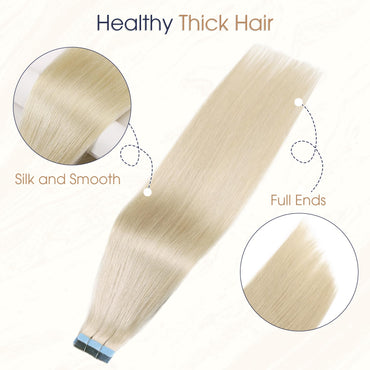 Bleach Blonde (613) - Tape-Ins Hair Extensions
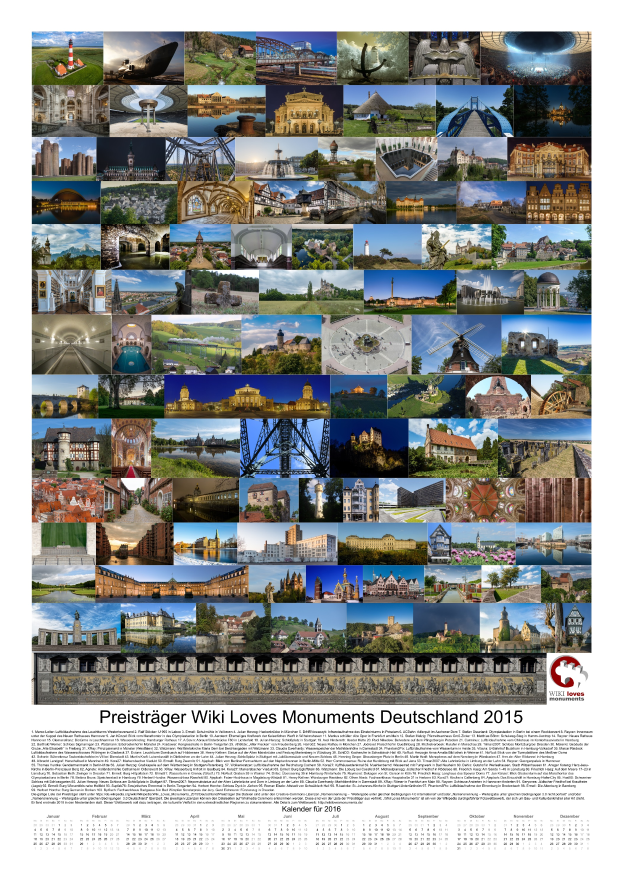 Ein Kalender aus dem Jahr 2015 mit einer Collage deutscher Denkmäler und der Aufschrift "Preisträger Wiki Loves Monuments Deutschland 2015".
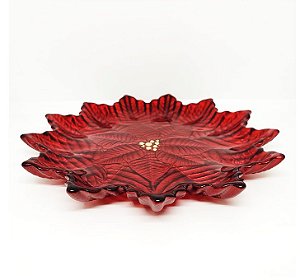 Prato Vidro Sobremesa Luxo New Pointsettia 22cm - Tuut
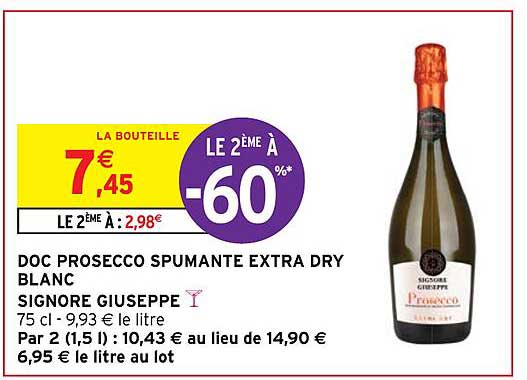 doc prosecco spumante extra dry blanc signore giuseppe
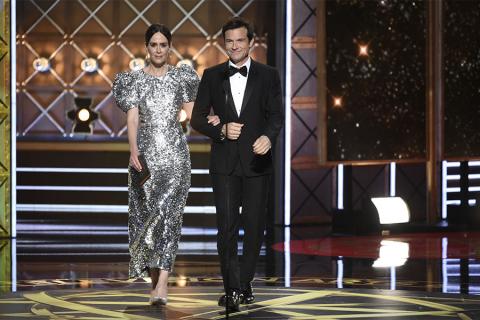 Sarah Paulson and Jason Bateman on stage at the 2017 Primetime Emmys.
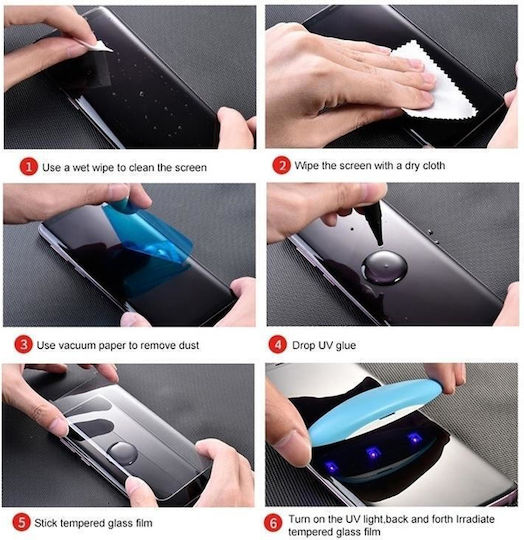 Film de sticlă temperată cu adeziv integral curbat în UV pentru Samsung Galaxy S21+ 5G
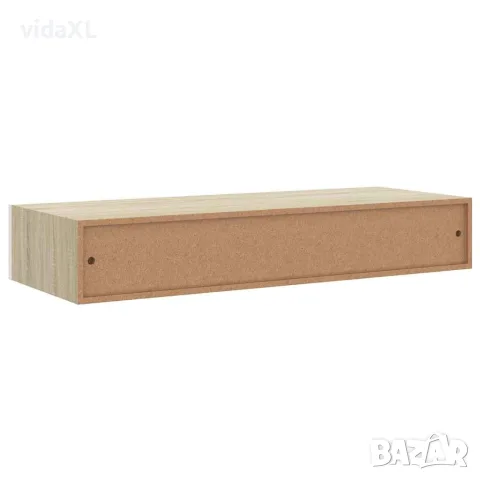 vidaXL Стенен рафт за чекмеджета, дъб и бяло, 60x23,5x10 см, MDF, снимка 8 - Етажерки - 56146903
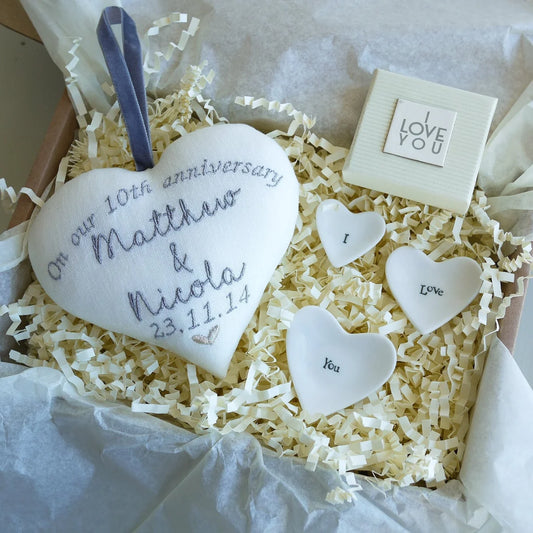 10th Tin Wedding Anniversary Gift Heart & Ring Dishes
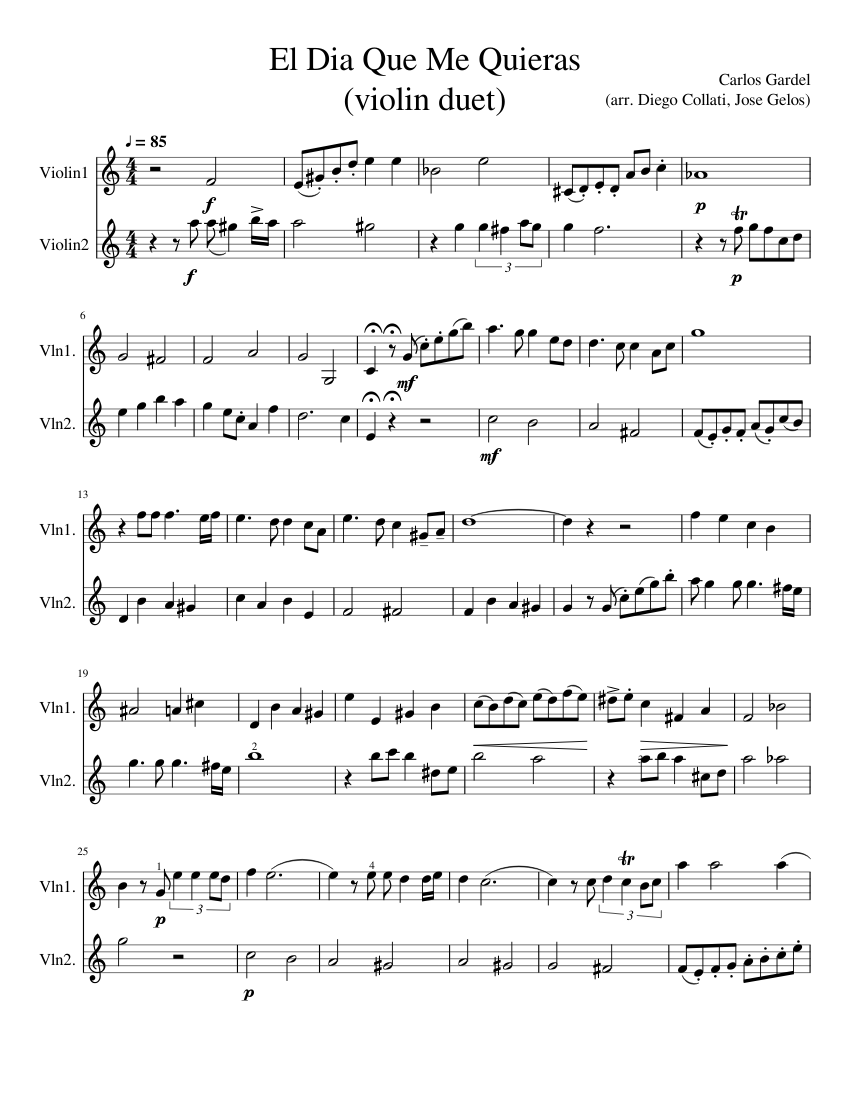 perdonar lo hizo Ladrillo El Dia Que Me Quieras - Violin Duet Sheet music for Violin (String Duet) |  Musescore.com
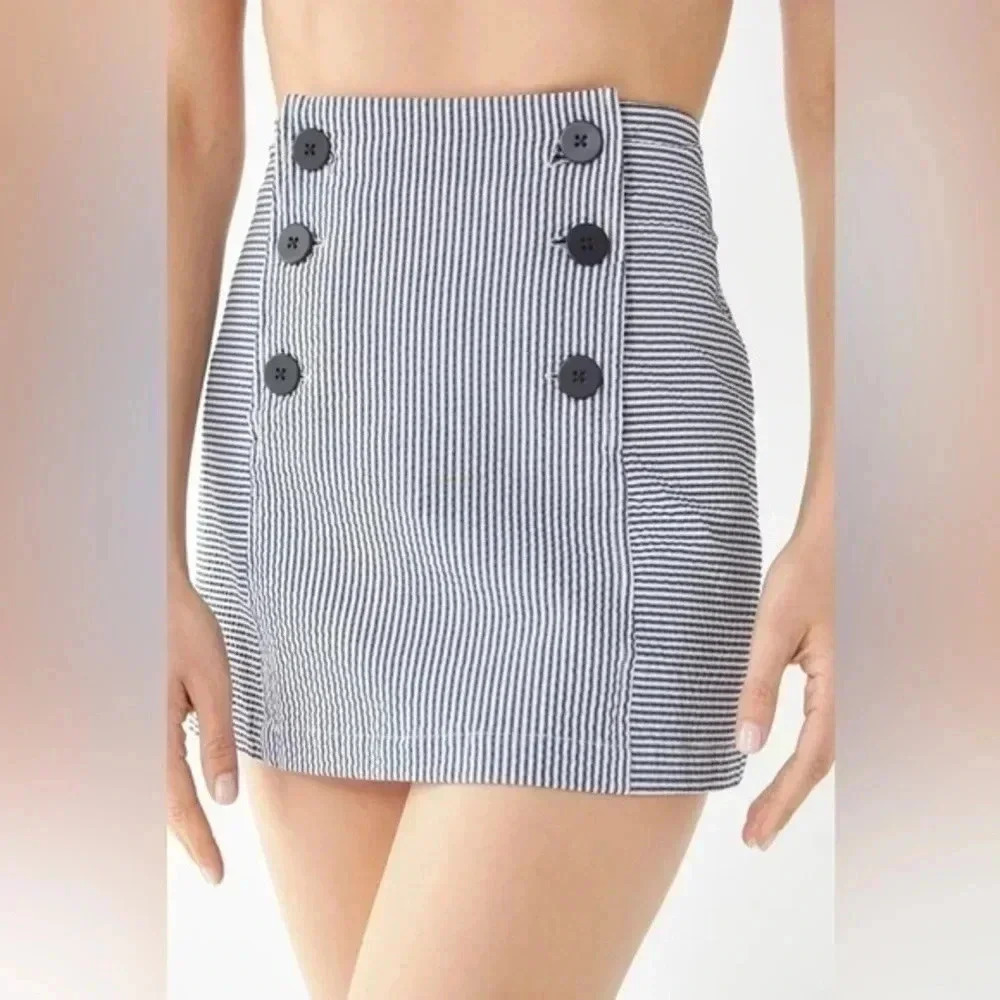Urban Outfitters | UO Sailorette Grey Striped Mini Skirt Size S Small NWT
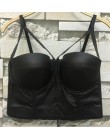 Modna siatka Push Up Bralet damski gorset stanik gorsetowy klub nocny Party krótka kamizelka Plus rozmiar AW514
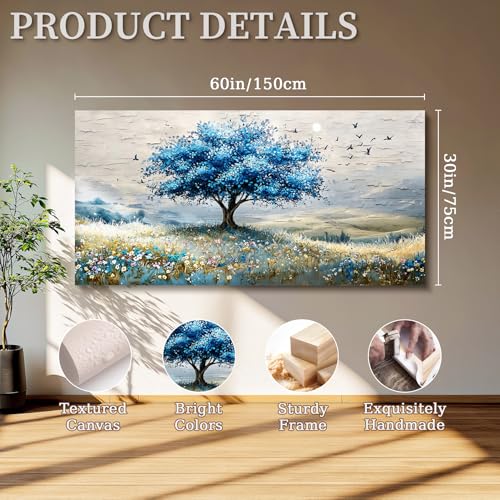 SERIMINO Tree of Life Large Wall Art, Country Landscape Canvas Art Prints, Blue Tree Nature Artwork for Walls, Modern Wall Pictures for Living Room Bedroom Dining Room, Rustic Farmhouse Decor 30"X60"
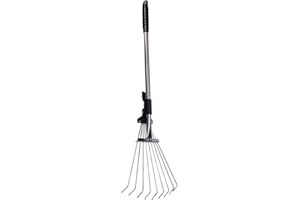 ALIPIS Râteau Métallique Râteaux de Jardin de Râteaux de Feuilles Rétractables: Râteau de Ratist Rétractable Râteau de La Feuille Réglable Greens Feuilles de Patio De Nettoyage Râteau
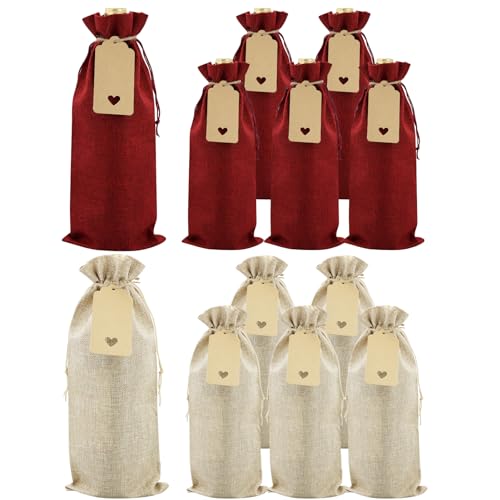 12 Bolsas de Yute con Etiquetas de Regalo, Reutilizables para Vino - para Bodas, Fiestas y Degustaciones a Ciegas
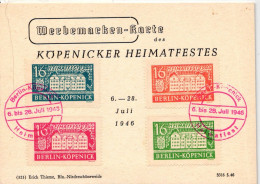 Berlin Und Brandenburg Werbemarken Auf Postkarte Mit Sonderstempel #IK057 - Erinnophilie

-- -- --

- Required action -
In the listing above, the required lines run from the line with "Ein Kalender aus" through the line with "doc prosecco spumante". Output exactly those lines, omitting pictures.

- Exercise answer -
 Ein Kalender aus dem Jahr 2015 mit einer Collage deutscher Denkmäler und der Aufschrift "Preisträger Wiki Loves Monuments Deutschland 2015".
 Prato Vidro Sobremesa Luxo New Pointsettia 22cm - Tuut
 doc prosecco spumante extra dry blanc signore giuseppe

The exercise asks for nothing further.